Hacks.....feet Together 4 Sets Of 6-8 6 Sec Rep

Calf Raise..seated Or Standing 4 Sets Of 12-15 6 Sec Rep


Thursday - Shoulders


Machine Or Bb Or Db Press.....pyramid Up To A Set Of 3 Explode Good Negative

Side Laterals - 4 Sets Of 8-10 6 4 Second Rep

Front Laterals On A 45 Degree Incline Bench 3 Sets Of 8-10 4 Second Rep



Friday - Arms

Rolling Db Extensions 4 Sets Of 6-8 4 Sec Rep
Barbell Curls - Same As Above
Nosebreakers - Same As Above
Incline Curls - Same As Above



For Mow - Follow The Basic Diet In The Shadow's Project Thread To See How You React To It...you Should Get Stronger And Drop A Little Fat For 4-6 Weeks
 
The Shadow said:
D.....


Mondays:

Flat Bench Press Warm Up....pyramid Up To A Top End Set Of 3 Reps.....focus On Exploding The Wight Up And Then Getting A 3 Seconf Negative

Incline Db Press - 3 Sets Of 6-8 6 Second Total Rep Time

Dip Or Assisted Dip - 3 Sets Of 6-8 6 Tut





Tuesday: Back

Dumbbell Rows - Warmup And Pyraimd To A Set Of 3...explode...slow Contraction

Cable Face Pulls - 4 Sets Of 8-10 6 Second Rep

Seated Rows With A Straight Bar - 3 Sets Of 6-8 6 Sec Rep




Wednesday - Legs

Full Atf Squats - Warm Up...pyramid To A Set Of 3...explose And Get A Good Negative

Stiff Deads With Dbs...4 Sets Of 6-8 6 Second Rep

Hacks.....feet Together 4 Sets Of 6-8 6 Sec Rep

Calf Raise..seated Or Standing 4 Sets Of 12-15 6 Sec Rep


Thursday - Shoulders


Machine Or Bb Or Db Press.....pyramid Up To A Set Of 3 Explode Good Negative

Side Laterals - 4 Sets Of 8-10 6 4 Second Rep

Front Laterals On A 45 Degree Incline Bench 3 Sets Of 8-10 4 Second Rep



Friday - Arms

Rolling Db Extensions 4 Sets Of 6-8 4 Sec Rep
Barbell Curls - Same As Above
Nosebreakers - Same As Above
Incline Curls - Same As Above



For Mow - Follow The Basic Diet In The Shadow's Project Thread To See How You React To It...you Should Get Stronger And Drop A Little Fat For 4-6 Weeks


she's powerlifting my man. no negatives, no pyramids, no machines, etc. she needs to keep up with her box squats and speed work
 
Devastation said:
she's powerlifting my man. no negatives, no pyramids, no machines, etc. she needs to keep up with her box squats and speed work



She asked for a program to help meet her needs.
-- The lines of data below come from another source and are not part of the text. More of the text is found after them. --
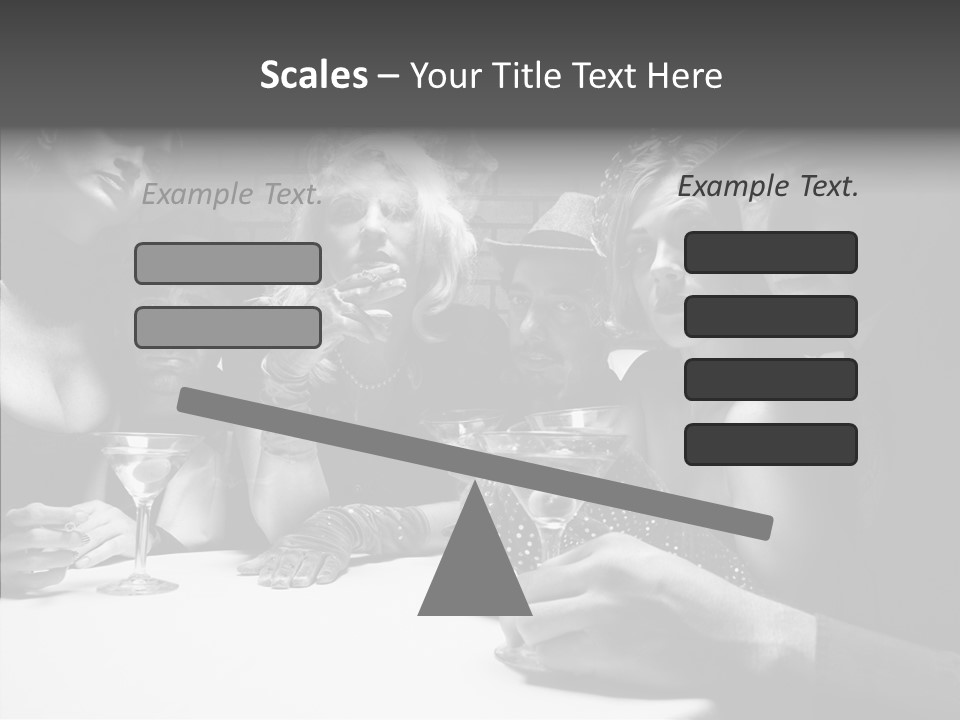 Lipstick Positivity Studio PowerPoint Template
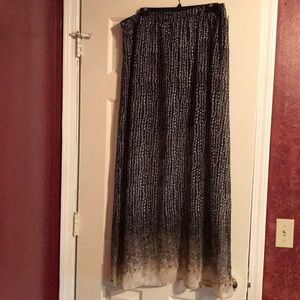 It was the wrong size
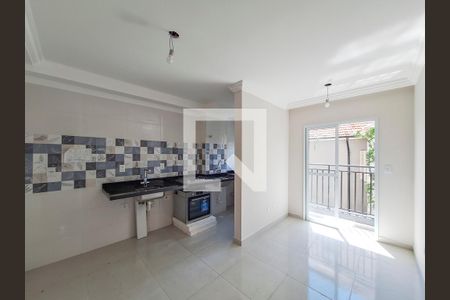 Sala de apartamento à venda com 2 quartos, 41m² em Jardim São Paulo, São Paulo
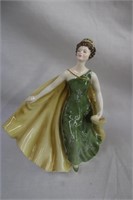 Royal Doulton figurine "Alexandra" HN 2398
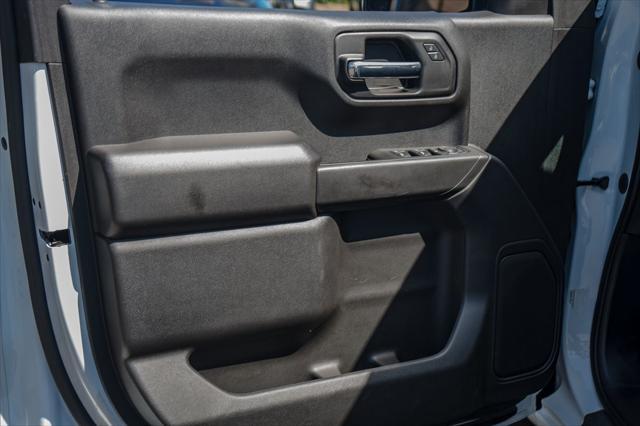 used 2022 Chevrolet Silverado 1500 car, priced at $31,977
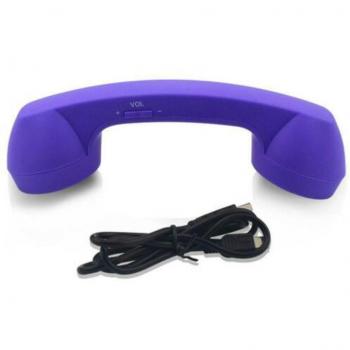 Retro Bluetooth Handset for Mobile Phones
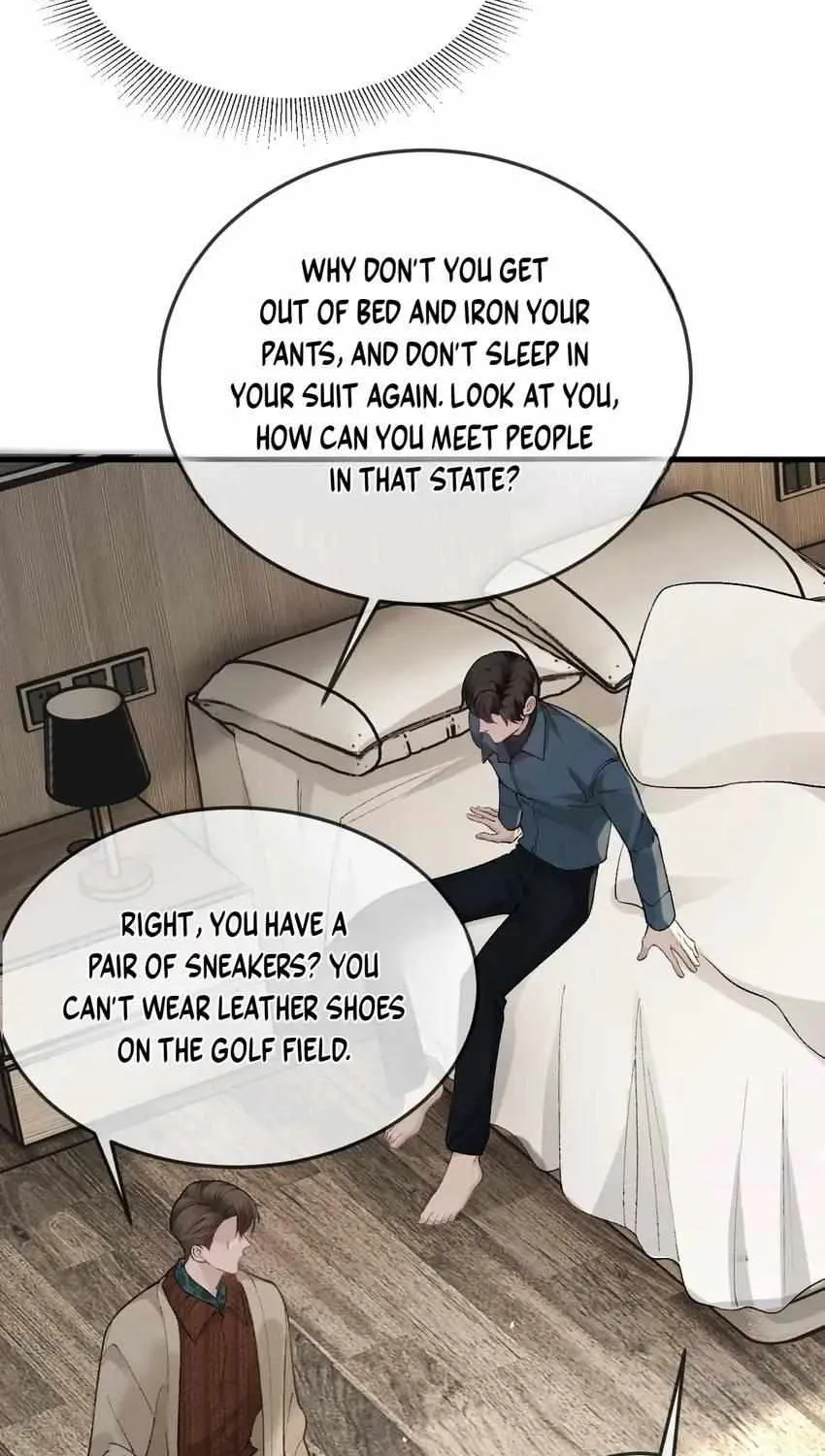 Tit For Tat Chapter 45 page 43 - 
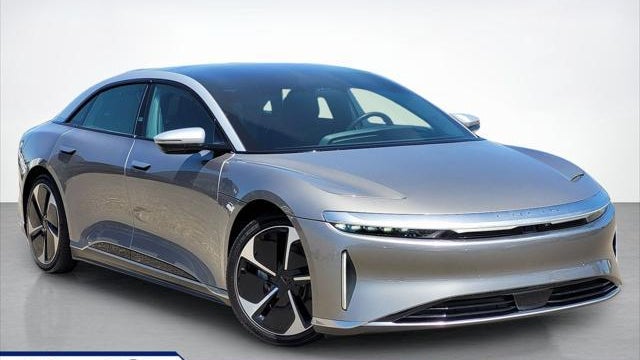 2023 Lucid Air Grand Touring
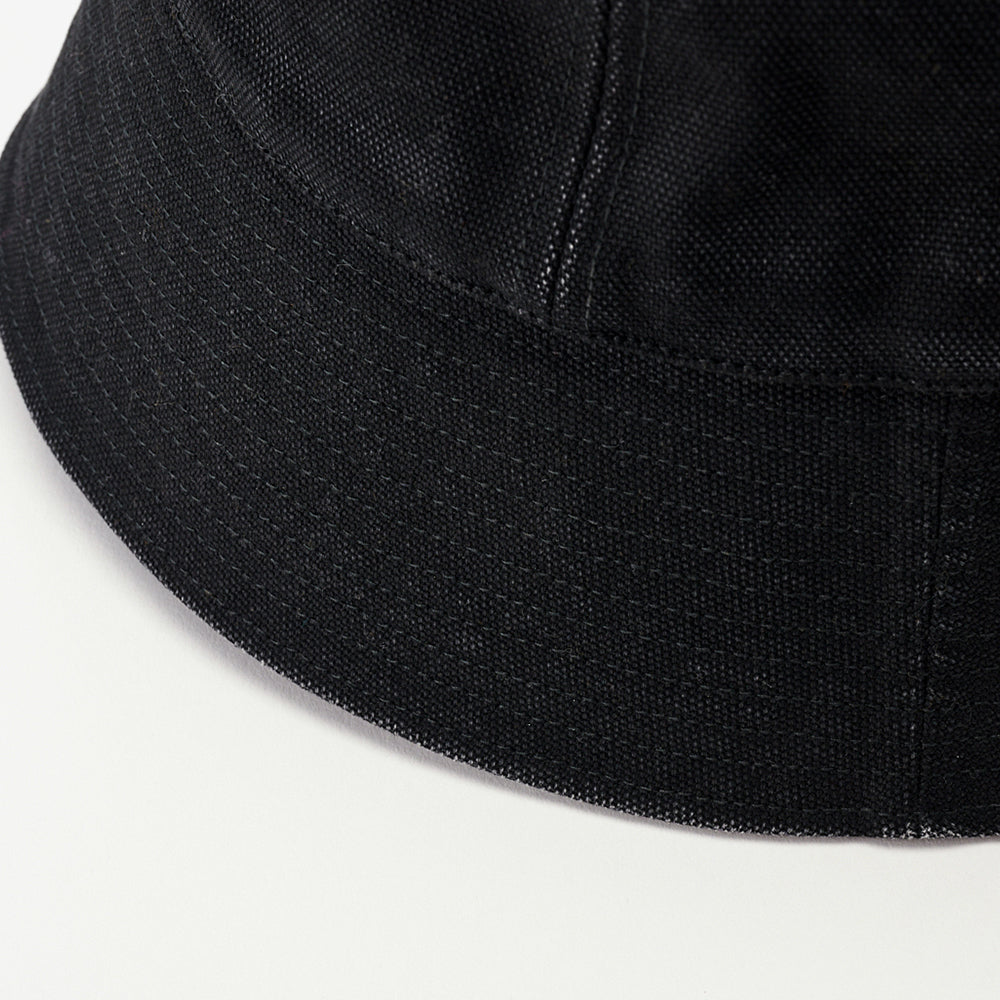 KIJIMA TAKAYUKI - DUCK SULFER DYED SAILOR HAT – IN MY BOOK STORE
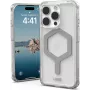 UAG Urban Armor Gear Etui Plyo MagSafe | Apple iPhone 16 Pro | ice (przezroczysty)/srebrny | 114480114333 (114480114333)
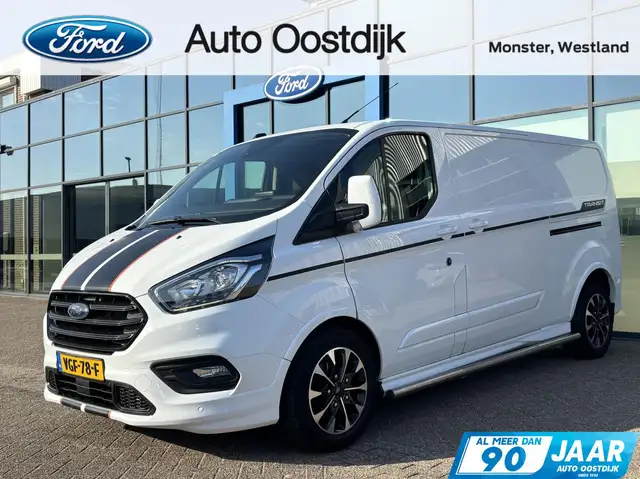 Ford Transit Custom 320 2.0 TDCI L2H1 Sport 185PK Automaat 2x Schuifde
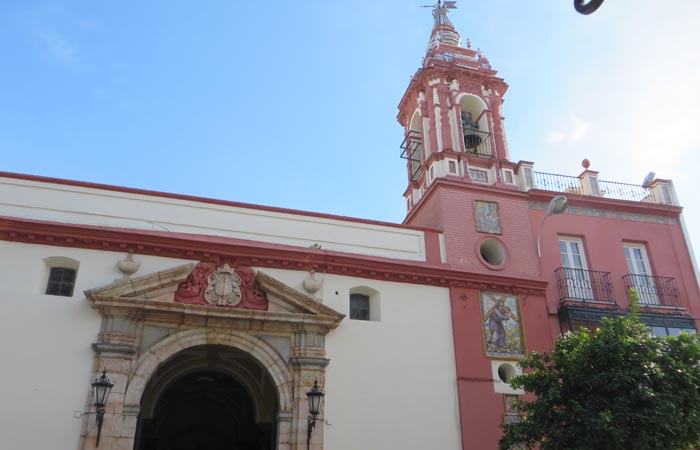 Iglesia de Nuestra Señora de la O Sevilla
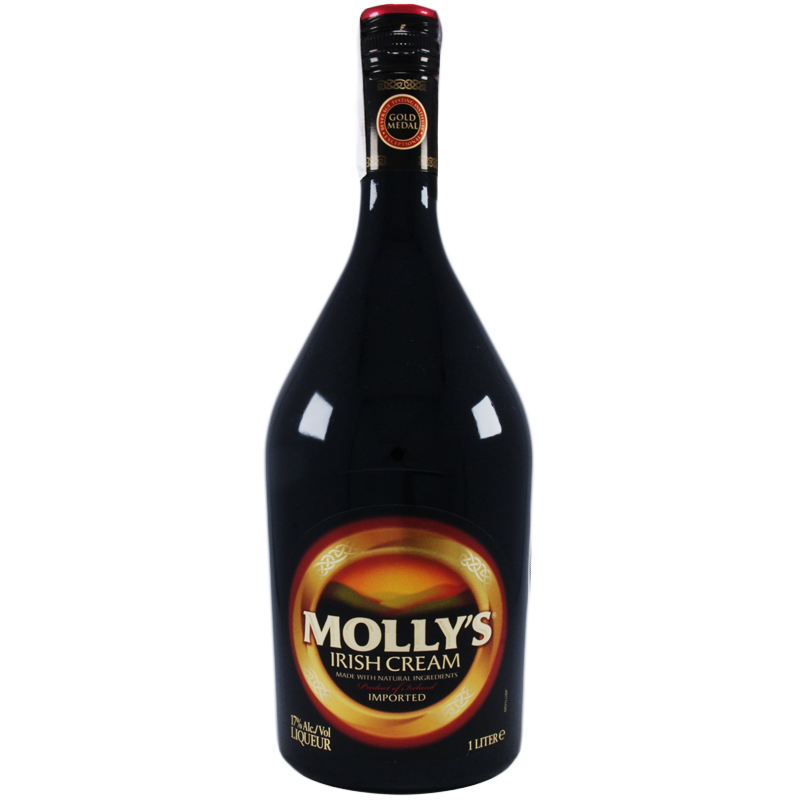 Molly's Irish Cream Liqueur - SoCal Wine & Spirits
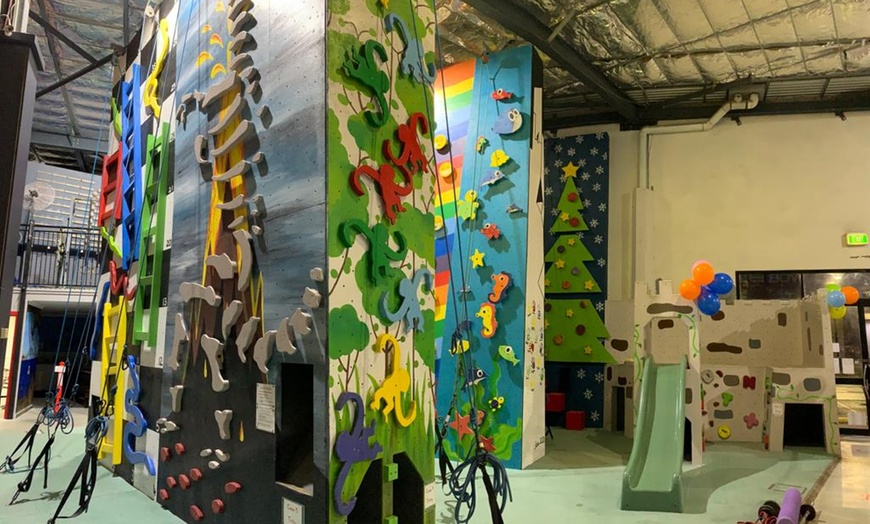 Image 5: All-Day Climbing Pass with Equipment at Sydney Indoor Climbing Gym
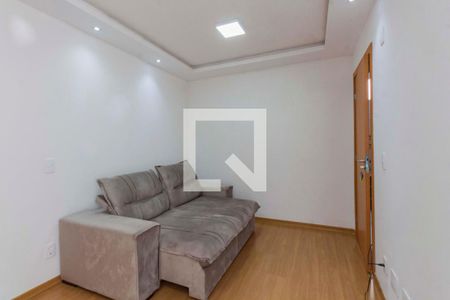 Sala  de apartamento à venda com 2 quartos, 42m² em Morro Santana, Porto Alegre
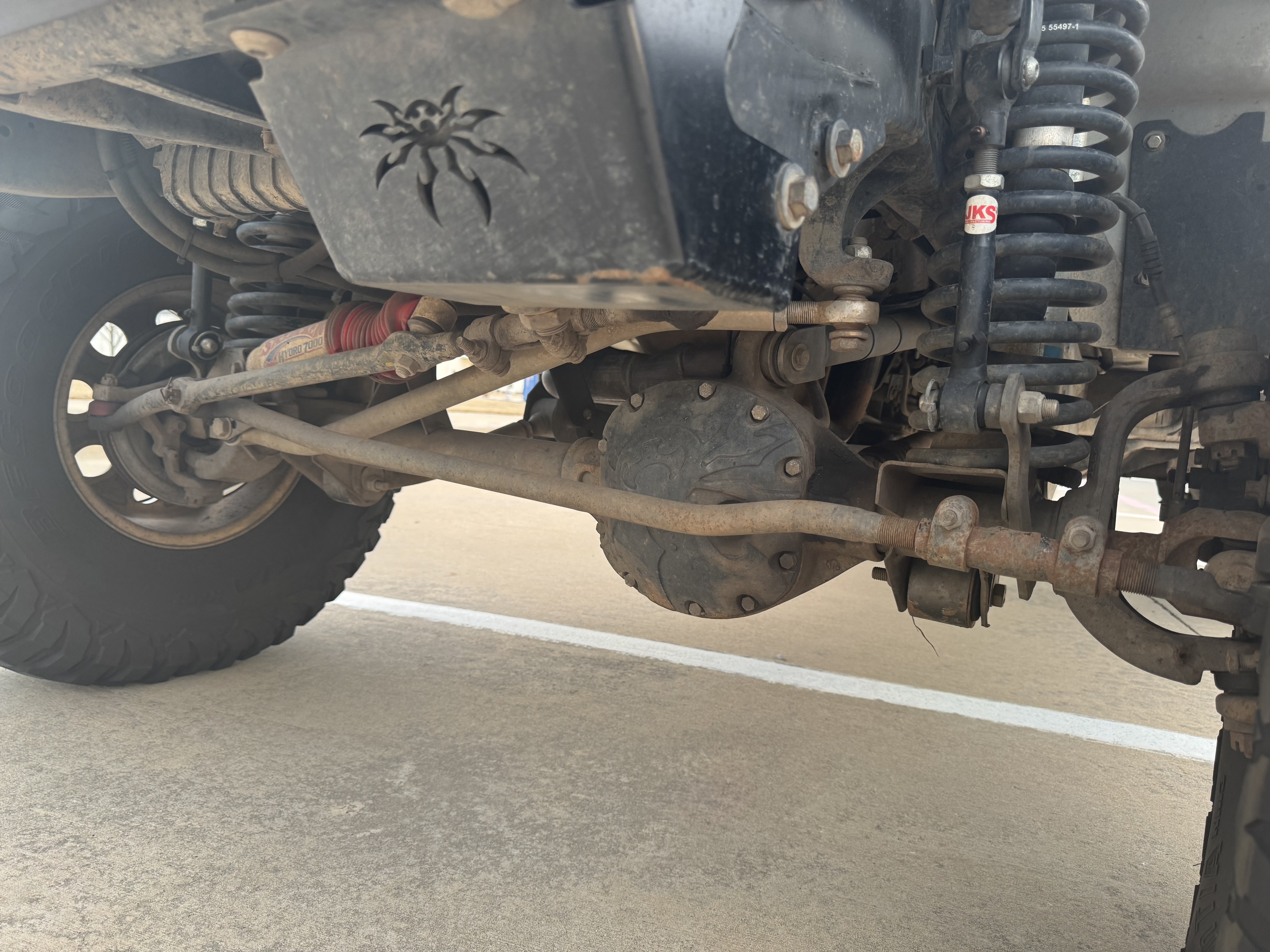 2004 Jeep Wrangler 4WD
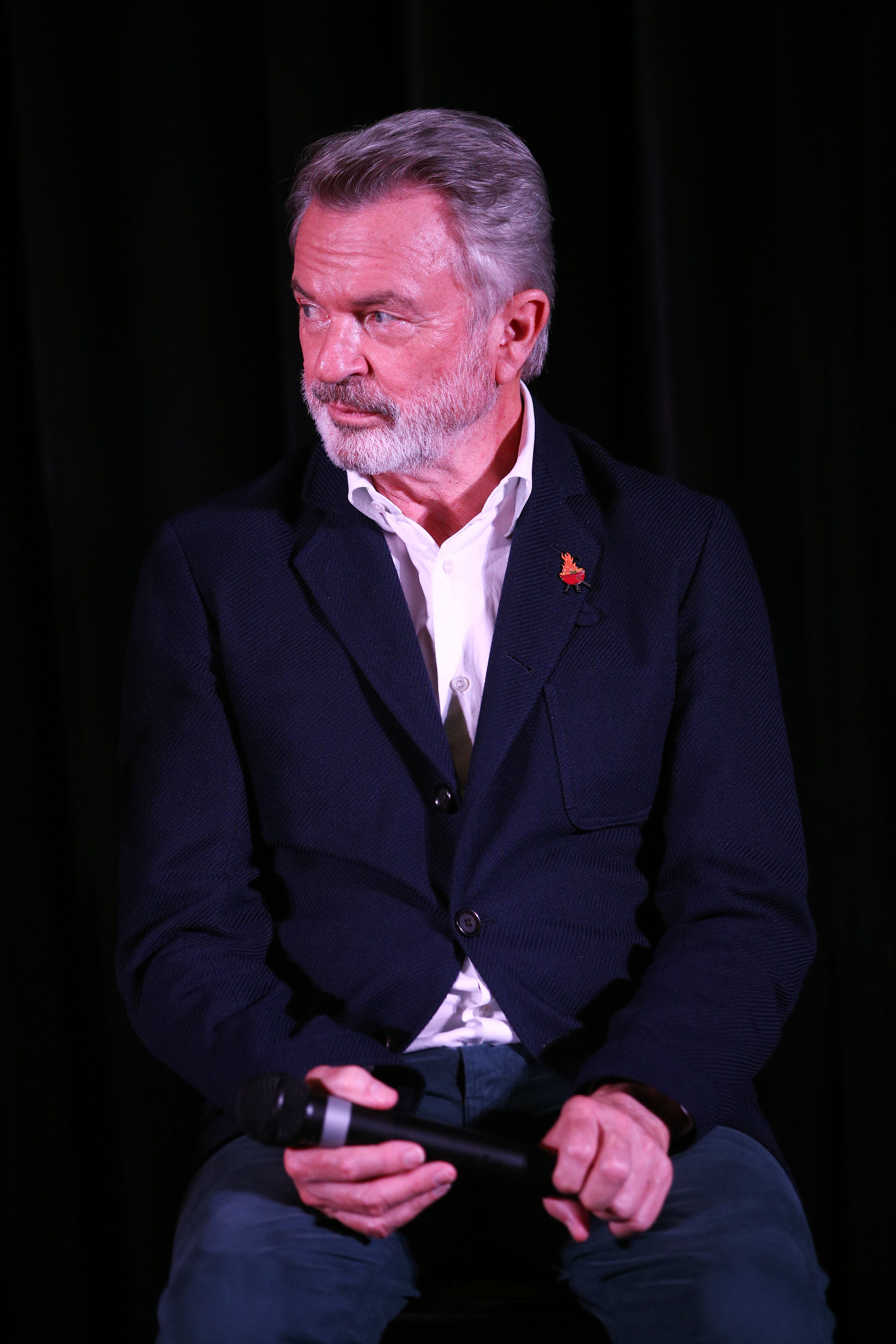 El actor aseguró que se encuentra trabajando en sus nuevos proyectos.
Maybe the two of y'all need to get together
 
Last edited:
Ate a bowl of cereal this morning
drank water all thru the day

ate a salad meal 2 and med helping of spaghetti with cottage cheese

meal 3
had steak and baked potato
 
ok well its time i started again so here i am i will start fresh with the meals tomorrow but wanted my log back in the first page.